### Action item:
Needed from the data below: every line from the one with "Girls Mary Jane" up to and including the one with "Hawaiian Love-Couple Dolphins", repeated exactly and with nothing else.

### Caption-style text data:
╭──

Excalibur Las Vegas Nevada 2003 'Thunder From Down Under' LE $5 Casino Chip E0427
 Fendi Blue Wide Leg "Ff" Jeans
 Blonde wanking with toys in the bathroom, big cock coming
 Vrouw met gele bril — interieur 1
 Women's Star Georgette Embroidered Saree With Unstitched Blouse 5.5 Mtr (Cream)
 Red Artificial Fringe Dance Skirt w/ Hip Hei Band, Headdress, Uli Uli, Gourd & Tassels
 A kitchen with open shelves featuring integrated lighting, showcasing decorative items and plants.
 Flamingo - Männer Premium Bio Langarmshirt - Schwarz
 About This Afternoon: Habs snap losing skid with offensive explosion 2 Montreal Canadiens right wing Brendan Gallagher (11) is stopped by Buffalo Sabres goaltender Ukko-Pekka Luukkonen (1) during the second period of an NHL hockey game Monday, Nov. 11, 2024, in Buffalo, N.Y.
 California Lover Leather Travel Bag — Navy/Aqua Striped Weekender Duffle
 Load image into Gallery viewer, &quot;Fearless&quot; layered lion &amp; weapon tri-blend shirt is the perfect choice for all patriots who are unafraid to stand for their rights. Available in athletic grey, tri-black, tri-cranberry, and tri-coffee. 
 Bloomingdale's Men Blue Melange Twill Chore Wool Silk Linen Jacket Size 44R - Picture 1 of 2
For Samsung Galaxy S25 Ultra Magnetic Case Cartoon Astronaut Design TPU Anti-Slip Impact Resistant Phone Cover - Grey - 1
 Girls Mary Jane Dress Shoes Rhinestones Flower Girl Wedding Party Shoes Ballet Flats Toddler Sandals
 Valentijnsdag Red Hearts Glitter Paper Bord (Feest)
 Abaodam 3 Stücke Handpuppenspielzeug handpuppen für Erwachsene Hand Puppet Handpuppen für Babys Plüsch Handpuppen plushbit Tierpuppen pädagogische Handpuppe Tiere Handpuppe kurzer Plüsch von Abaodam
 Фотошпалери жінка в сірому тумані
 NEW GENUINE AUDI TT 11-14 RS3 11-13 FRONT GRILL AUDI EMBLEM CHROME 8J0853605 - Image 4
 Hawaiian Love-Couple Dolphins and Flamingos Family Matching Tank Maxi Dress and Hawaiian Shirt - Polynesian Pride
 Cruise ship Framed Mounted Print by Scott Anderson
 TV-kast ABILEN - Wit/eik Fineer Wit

╰──

### Exercise solution:
 Girls Mary Jane Dress Shoes Rhinestones Flower Girl Wedding Party Shoes Ballet Flats Toddler Sandals
 Valentijnsdag Red Hearts Glitter Paper Bord (Feest)
 Abaodam 3 Stücke Handpuppenspielzeug handpuppen für Erwachsene Hand Puppet Handpuppen für Babys Plüsch Handpuppen plushbit Tierpuppen pädagogische Handpuppe Tiere Handpuppe kurzer Plüsch von Abaodam
 Фотошпалери жінка в сірому тумані
 NEW GENUINE AUDI TT 11-14 RS3 11-13 FRONT GRILL AUDI EMBLEM CHROME 8J0853605 - Image 4
 Hawaiian Love-Couple Dolphins and Flamingos Family Matching Tank Maxi Dress and Hawaiian Shirt - Polynesian Pride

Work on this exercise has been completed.